Unsurprisingly, as is the state so is the family. The most developed family depicted in the play, Polonius's, merely replicates within itself the pattern of interaction within the court. The cute scenario in the third scene of the play, of a cocky elder brother and an officious father fussing over the danger of a young commoner girl's liaison with royalty, is also an attempt to govern a young girl's mind. Laertes' prognosis of “the chariest maid['s] … prodigal[ity] … If she unmask her beauty to the moon”—otherwise “the shot and danger of desire” (1.3.35-38)—is a notion of Ophelia's sexuality that he is implicitly seeking to validate. Likewise, Polonius's inquisitorial suggestion, a few lines later, of a busy affair between her and Hamlet is a reading of her behavior that Polonius intends to confirm: “What is between you? Give me up the truth” (1.3.98). The teasing maidenly reticence with which Ophelia instinctively sidesteps such testing preserves her sovereignty over her own decipherability and with that, her options of personal freedom. The same struggle to regulate behavior permeates the relationship between father and son, as for instance when Polonius facetiously advises Laertes about the necessity of behaving duplicitously with the world while remaining true (“above all”) to himself (1.3.58-80). Later, he instructs Reynaldo to spy on his son by using “indirections [to] find directions out” (2.1.38-63). Both speeches exemplify a technique of understanding others while withholding understanding from them—a technique, in short, of reading others while remaining unread or misread oneself. It is in this context of the pervasive misreadings of Elsinore that Hamlet's quizzical love poem is inscribed.
Given the dense inexplicability of Elsinore, Hamlet's feelings for Ophelia can only be the occasion for his riddling equivocation and paradoxical behavior, with her and with others. His visit to her in her closet, which Ophelia describes in 2.1.73-97 is an act that is simultaneously an affirmation and a denial. He goes to her but does not speak to her. He goes to her in an instinctive gesture of communication but ends up in a silent scrutiny of her face. He stares at her, reads her, without letting her read him, or, making sure that she misreads him and encouraging her misreading of him (as transmitted through Polonius) as mad. The uncertainty of what he reads in her is matched and cloaked by the uncertainty of what Ophelia and Polonius, and we with them, can read in him. Each reading—that he is mad, that he is love-sick, that he is testing her through an “antic disposition”—is instantly challenged by the others and thus ends up as no more than a misreading of him.
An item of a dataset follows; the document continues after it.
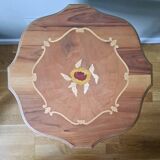 Marquetry pedestal table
Again, he flaunts this same riddling behavior before her in the “nunnery” scene in Act 3. He did and did not love Ophelia, he says (3.1.114-18)—playing again on the compulsive verb “believe,” but this time in a direction opposite that of the letter. If she “believed” he loved her, he asserts bluntly that he loved her not—imposing his belief on hers and blocking it. The instability of the signifier “nunn'ry” with which he ends his tirade (3.1.129)—poised as it is between its formal sober connotation as a retreat of sanctity and its bawdy popular Elizabethan denotation as a brothel (O.E.D. 1: 264; Jenkins 282)—masks perfectly the sense of his feelings for her, now or in the past. His insistence later, in the grim verbal and physical scuffle with Laertes in Ophelia's grave, that he “lov'd Ophelia” (5.1.269), declares his rights over the politics of intentionality. If Laertes' love for his sister allows him to rant against Hamlet for causing her death, then Hamlet's love for Ophelia allows him to vent his fury at Laertes for blackening his name. Hamlet will not let his feelings for Ophelia become Elsinore's vehicle of legibility into him, a foreground of its mastery over him. What he will give up, to Ophelia, Polonius, Laertes, Gertrude, Claudius, and to us, is only the misreading of incoherence. The more anyone tries to read Hamlet the more he will be misread.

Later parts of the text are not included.